**EXERCISE BRIEF:**
Each line below should be repeated exactly as written, with no pictures carried over.

[Brief descriptive captions]
▬▬▬▬▬▬▬▬▬▬
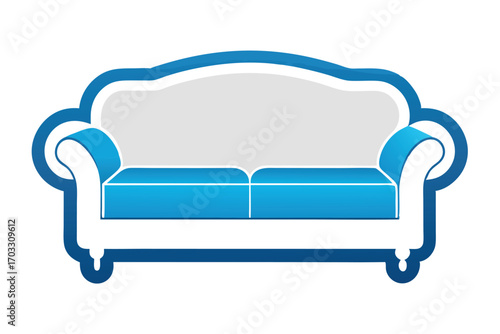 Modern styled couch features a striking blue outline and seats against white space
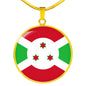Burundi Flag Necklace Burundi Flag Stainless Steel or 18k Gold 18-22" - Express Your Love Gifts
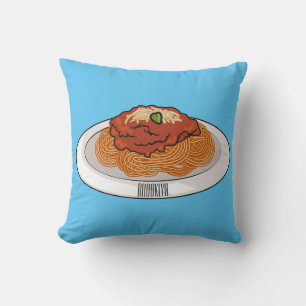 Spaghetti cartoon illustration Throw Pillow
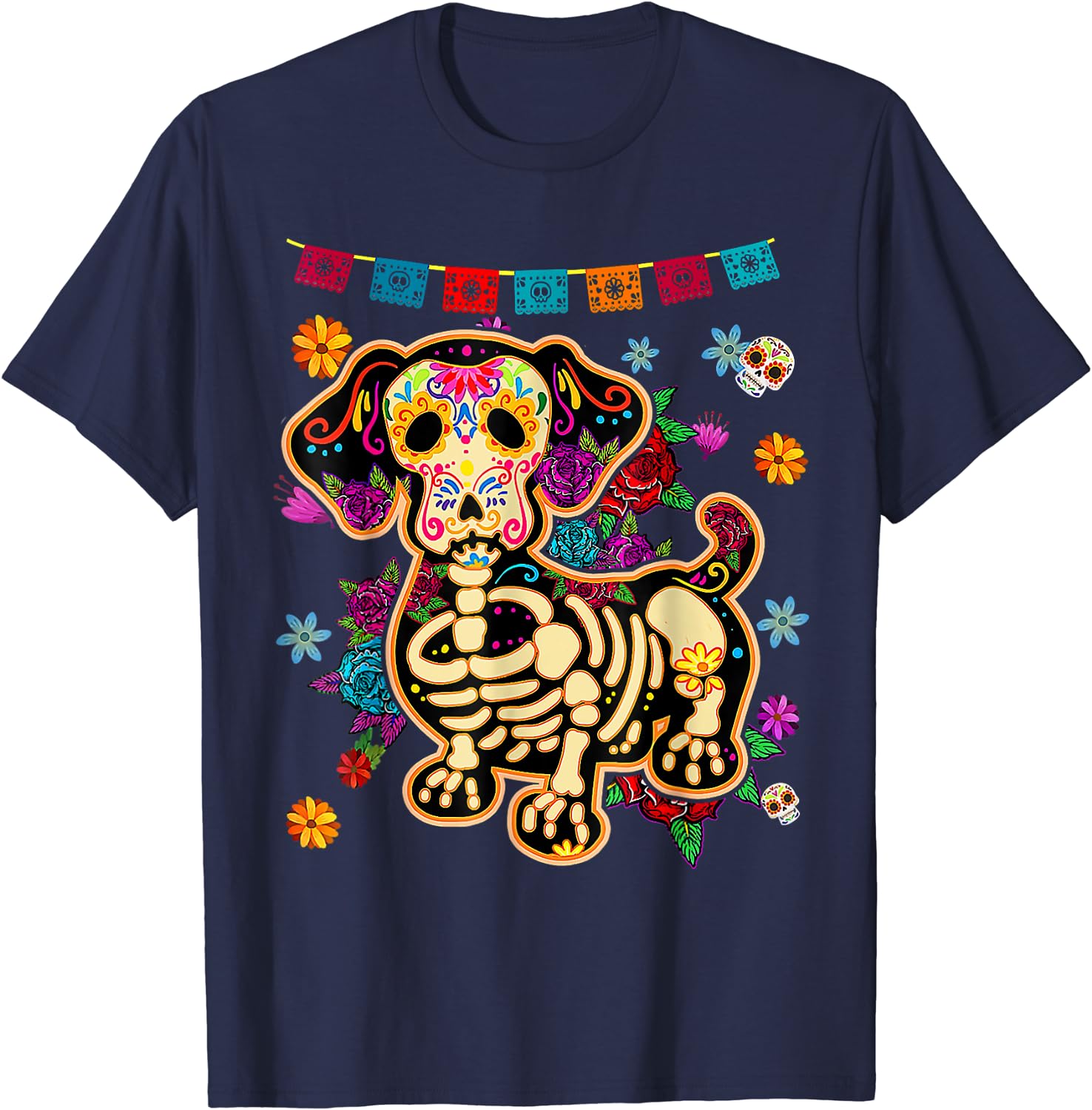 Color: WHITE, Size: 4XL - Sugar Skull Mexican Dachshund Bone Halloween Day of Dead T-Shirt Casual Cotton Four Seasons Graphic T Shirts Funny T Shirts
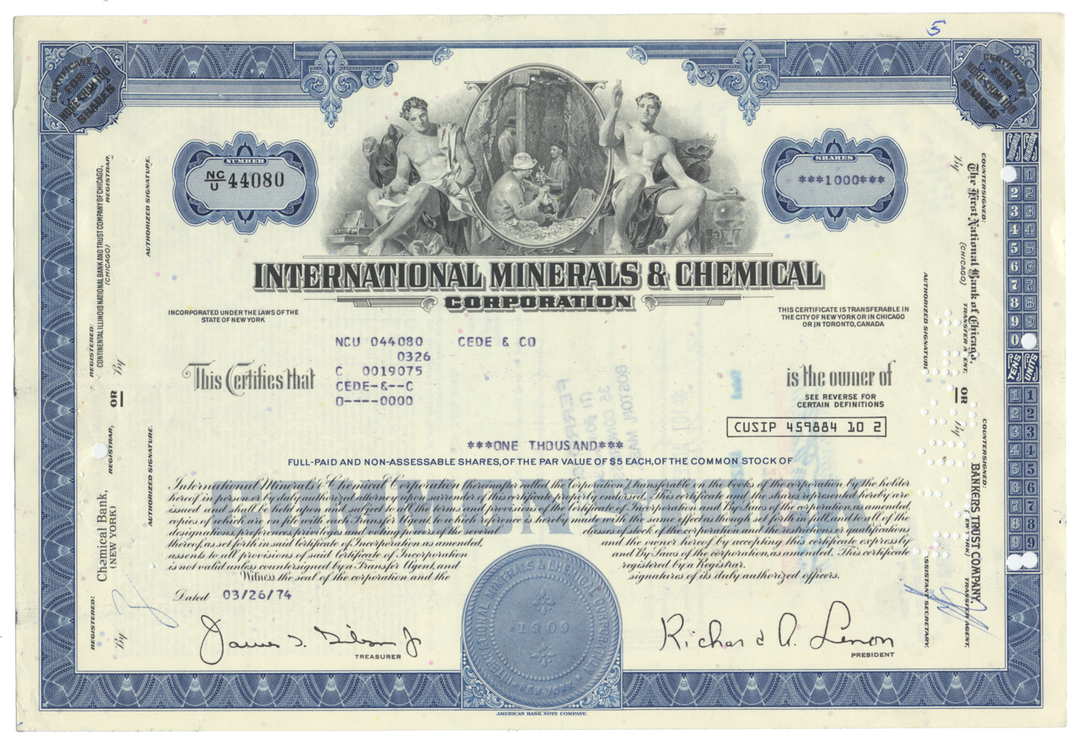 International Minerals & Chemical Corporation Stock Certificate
▬▬▬▬▬▬▬▬▬▬
**TASK SOLUTION:**
 Modern styled couch features a striking blue outline and seats against white space
Burundi Flag Necklace Burundi Flag Stainless Steel or 18k Gold 18-22" - Express Your Love Gifts
 Spaghetti cartoon illustration Throw Pillow
 Color: WHITE, Size: 4XL - Sugar Skull Mexican Dachshund Bone Halloween Day of Dead T-Shirt Casual Cotton Four Seasons Graphic T Shirts Funny T Shirts
 International Minerals & Chemical Corporation Stock Certificate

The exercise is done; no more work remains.